Renewable energy policy pioneer Nova Scotia ends feed-in tariff program
Energize Weekly, August 12, 2015
Nova Scotia ended its pioneer community feed-in tariff (COMFIT) after four years this week, saying that the popular program had achieved its objectives.
The tariff, which guaranteed small renewable energy producers a sustainable fee for their electricity, was created to provide an incentive for independent, community-based renewable energy production to feed the provincial grid. Provincial officials say that while the plan has allowed small producers to provide energy to the grid, the added capacity has now turned into a liability as Nova Scotians are paying more for energy from community-based projects than from other sources.
“This is the right time to bring Comfit to a close; it has achieved its objectives,” the provincial Liberal government stated in a press release. “We are now at a point where the programme could begin to have a negative impact on power rates.”
The program, launched in 2011 by the former New Democrat government, was the world’s first feed-in tariff for locally-based energy projects. It was initially designed to bring in 100 megawatts (MW) of independently produced power for the Nova Scotia grid. There are currently 80 MW of power feeding the provincial grid, with 125 megawatts of capacity projected to come online by the end of this year.
It was for this reason that the provincial government decided to end the program, with Energy Minister Michel Samson telling reporters this week that the tariff would likely “have a negative impact on rates” if it continued.
Environmental and renewable energy advocates in Nova Scotia were dismayed by the decision, saying that the program has been a resounding success and should be continued.
“As pointed out by the Department, the COMFIT program has exceeded expectations both in clean energy output and in contributing to the economic development of Nova Scotian communities,” said Catherine Abreu, energy coordinator with environmental advocacy group Ecology Action Centre. “This should be cause for celebration, not cancellation.”

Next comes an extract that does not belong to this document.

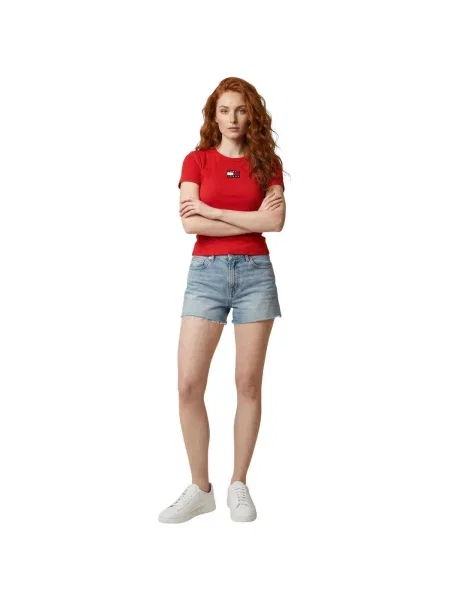Tričko Tommy Hilfiger Jeans červená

Renewable energy producer Natural Forces went further, suggesting the decision was political because it was a program enacted by the previous government.
“We’re disappointed. Comfit was the previous provincial government’s programme,” said Andy McCallum, Natural Forces’ Vice President of Developments. “It’s a political decision: if the project continued then the opposition could accuse this government of forcing energy prices up in the short-term.”